Series 2 Pioneer Tivo with DVD burner and Tivo Basic lifetime Service. $95

Tivo Series 2 Dual Tuner 180hr DVR $55
requires monthly fee if U want the TV guide and all functions. Can be used without monthly fee if U want to do manual recording.(I have another DT Tivo for $20 that you must pay a monthly fee to use. )

Toshiba RD-KX50 DVD-R/RAM Recorder with 80GB Hard Drive - $100
this is like a Tivo digital video recorder, without having to pay the monthly fees. It doesn't have have a digital tuner, so you have to use a conv erter box if you want to watch antenna TV. It does have a IR cable jack to control a cable or other boxes like Tivo does. It also has a built in DVD recorder. It doesn't have a TV program guide like TiVo.
http://www.overstock.com/Electronic...B-Hard-Drive-Refurbished/1756136/product.html
has a picture of the unit. I am not selling them on overstock, I just am using their listing to show what it is like.

$85
Sonic Blue Replay TV DVR with lifetime and Commercial Advance feature, so better than Tivo in this one feature. No fees to pay every month.
ReplayTV
Model RTV 5160
http://www.retrevo.com/support/ReplayTV-RTV5160-DVRs-manual/id/280bh235/t/2/

These units are in excellent condition and works great. Many of them have lots of recorded shows on them already.

Tivo Series 2 Dual Tuner 180hr DVR $50
requires monthly fee if U want the TV guide and all functions. Can be used without monthly fee if U want to do manual recording.

* Location: (near 64th & sheridan in NW metro Denver

Location: near 64th & sheridan in NW DEnver/Arvada


----------



## SacredLove

are these the selling price or the markup price?


----------



## replaytv

SacredLove said:


> are these the selling price or the markup price?


don't really understand your question. But anyway, these are the prices that I am selling the Tivos for plus shipping.


----------



## replaytv

Dual Tuner series 2 with lifetime for $200 
Premier with Evaluation (this is version of lifetime that gives you all the advantages of lifetime service, but Tivo can takes it away at anytime) $300
Tivo Wireless G USB Network Adapter brand new $25
TCD 240040 41HRS (TIVO BRAND NAME) $80
T800 81 HRS (HUMAX BRAND NAMED) $90
PIONEER LIFETIME BASIC DVR/DVD RECORDER DVR-810HS $110 or full lifetime for $200
TCD24004A 40 GIG (TIVO BRAND NAMED) $80
HUMAX DRT-800 DVR/DVD RECORDER $145 full lifetime

I have sold 5 or more Tivos on this forum with all happy results. I also have Tivos without lifetime and even Series 1 Tivos with and without lifetime for $60/$40 each. None of them qualify for lifetime transfer.


----------



## replaytv

I sold it locally here in Denver. I gave a discount because either the fan or hard drive was noisy. It had lifetime, but the spare same box didn't.


----------



## replaytv

Sorry, this item already sold for $244


----------



## replaytv

I will have a Series 3 with lifetime next week or so for sale. As soon as the mailperson brings it.
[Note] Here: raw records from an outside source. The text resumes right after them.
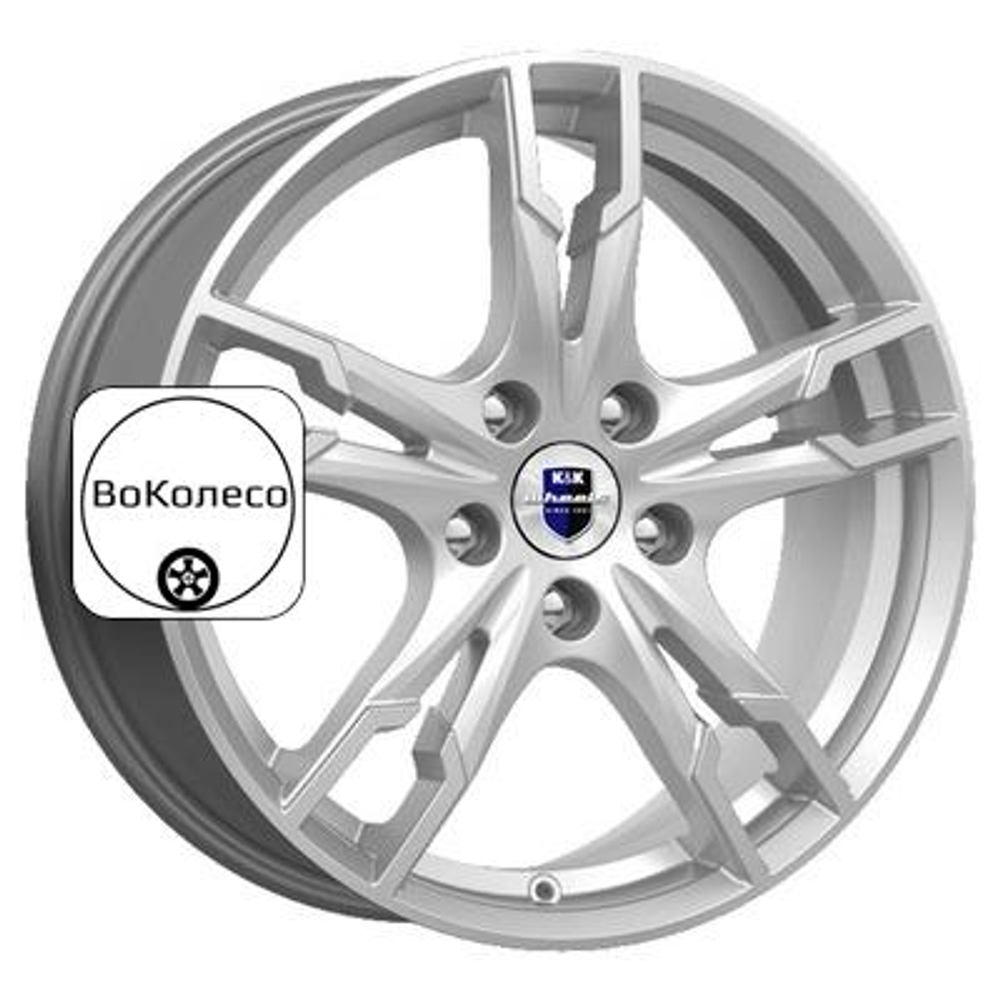 7x17/5x108 ET43 D67,1 Солар (КС875) Сильвер SK K&K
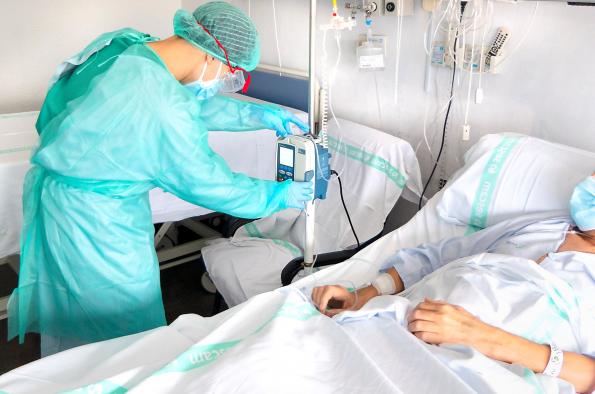 Dos hospitales de Castilla-La Mancha ya no tienen pacientes COVID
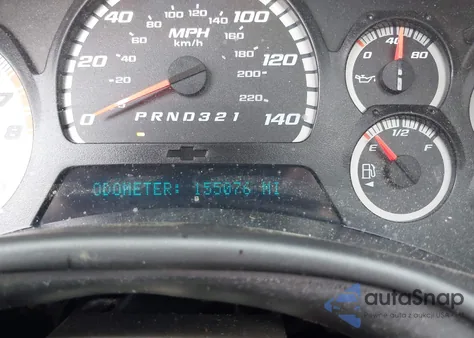 2008 Chevrolet Trailblazer Ss from USA, damaged, VIN 1GNET13H482247775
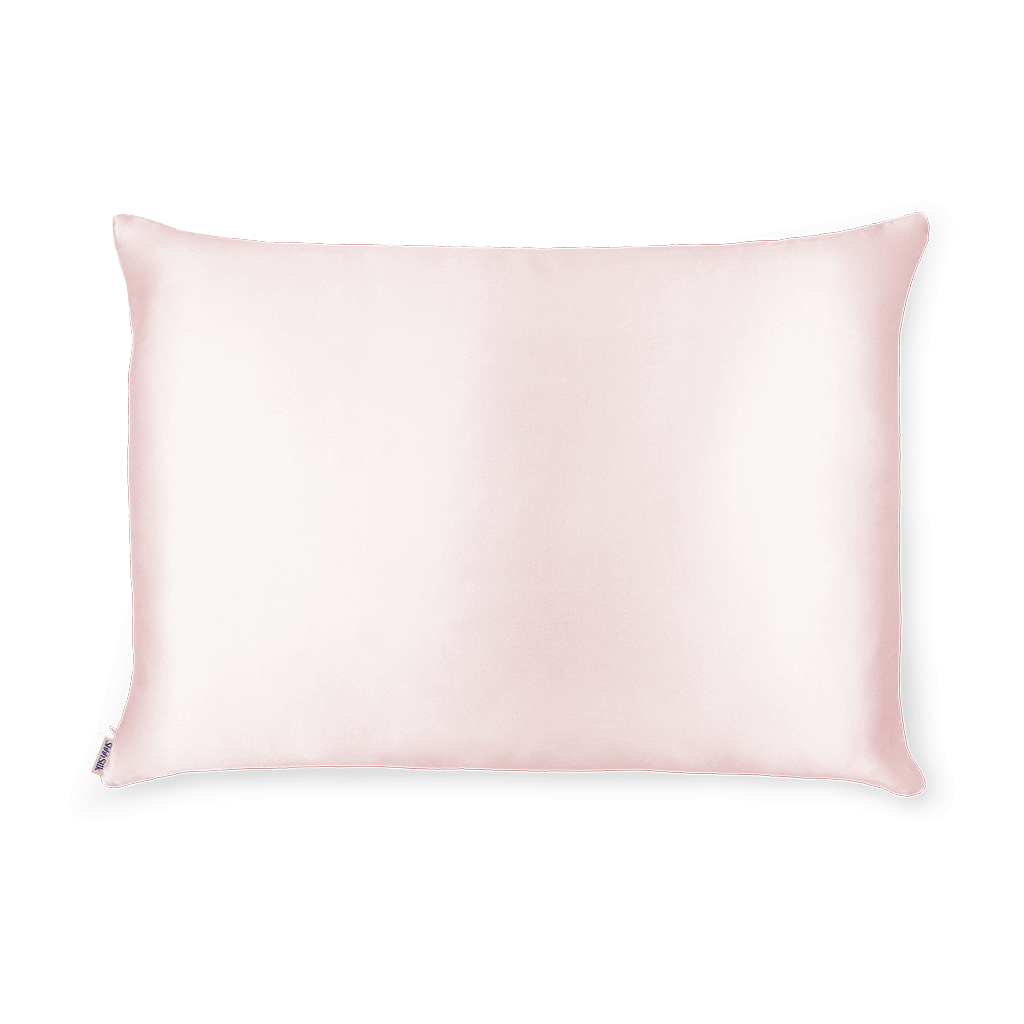 Pink Silk Pillowcase - Std - Shhh Silk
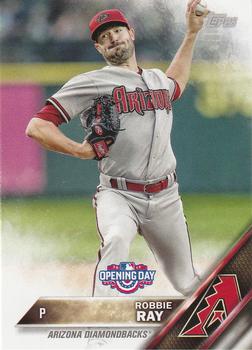 2016 Topps Opening Day #OD-71 Robbie Ray Front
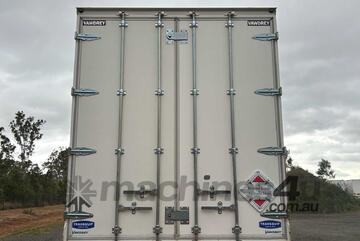 2021 Vawdrey VBS3 Tri Axle Roll Back Pantech A Trailer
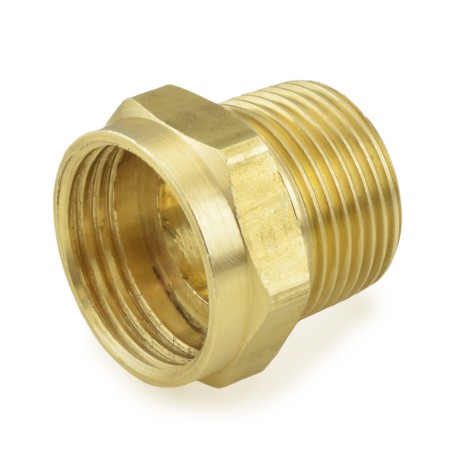 BrassCraft 3/4" FGH x 3/4" MIP Brass Adapter, Lead-Free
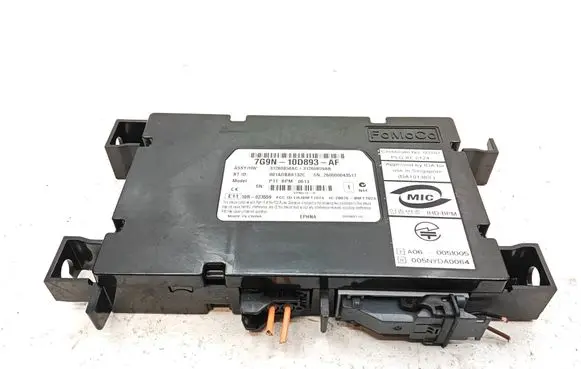 Jaguar XF X250 Bluetooth control unit module 7G9N10D893AF 31260858AC 001ADBB6132C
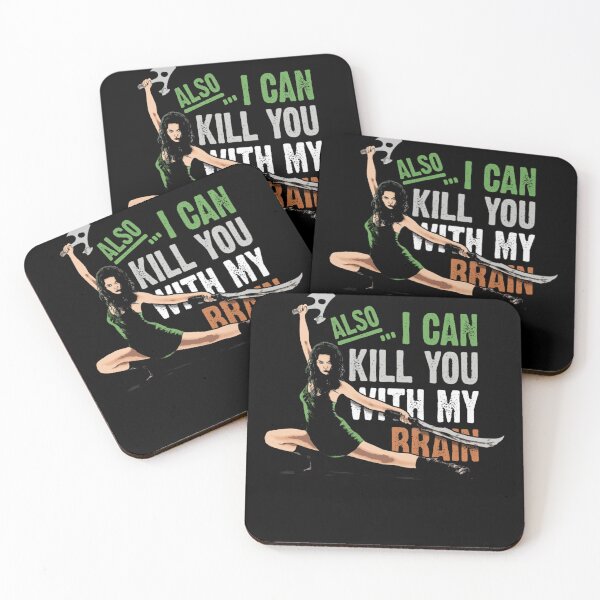 Item preview, Also I Can Kill You With My Brain  designed and sold by CreativeLabArt.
I still do have these items for sale.

Premier with Evaluation (this is version of lifetime that gives you all the advantages of lifetime service, but Tivo can takes it away at anytime) $300
Tivo Wireless G USB Network Adapter brand new $25
TCD 240040 41HRS (TIVO BRAND NAME) $80
T800 81 HRS (HUMAX BRAND NAMED) $90
PIONEER LIFETIME BASIC DVR/DVD RECORDER DVR-810HS $110 
TCD24004A 40 GIG (TIVO BRAND NAMED) $80
HUMAX DRT-800 DVR/DVD RECORDER $145 full lifetime
I also have lots of Series 2 tivos without lifetime that I will sell for cheap. 
I have sold 6 or more Tivos on this forum with all happy results. I also have Tivos without lifetime and even Series 1 Tivos with and without lifetime for $60/$40 each. None of them qualify for lifetime transfer.
I also have lots of ReplayTV DVRs, some with lifetime and commercial auto skip, if you are tired of having to fast forward through commercials. 
I guess it is getting about time for me to sell them all on ebay if they aren't sold soon here or on craiglslist, as I plan to move this coming new year to smaller digs.


----------



## a0lsux

how much will the series 3 with lifetime will be?


----------



## replaytv

TiVo TCD652160 $320 plus shipping when I get it. It hasn't been shipped yet, and not scheduled till almost the end of the month!
I still haven't received this (1/1/2012)


----------



## replaytv

Tivo Wireless G USB Network Adapter brand new $25
all of these have lifetime
TCD 240040 41HRS (TIVO BRAND NAME) lifetime $80
TCD24004A 40 GIG (TIVO BRAND NAMED) lifetime $80

Premier with "Evaluation" (this is version of lifetime that gives you all the advantages of lifetime service, but Tivo can takes it away at anytime) $300

I also have lots of Series 2 tivos without lifetime that I will sell for cheap.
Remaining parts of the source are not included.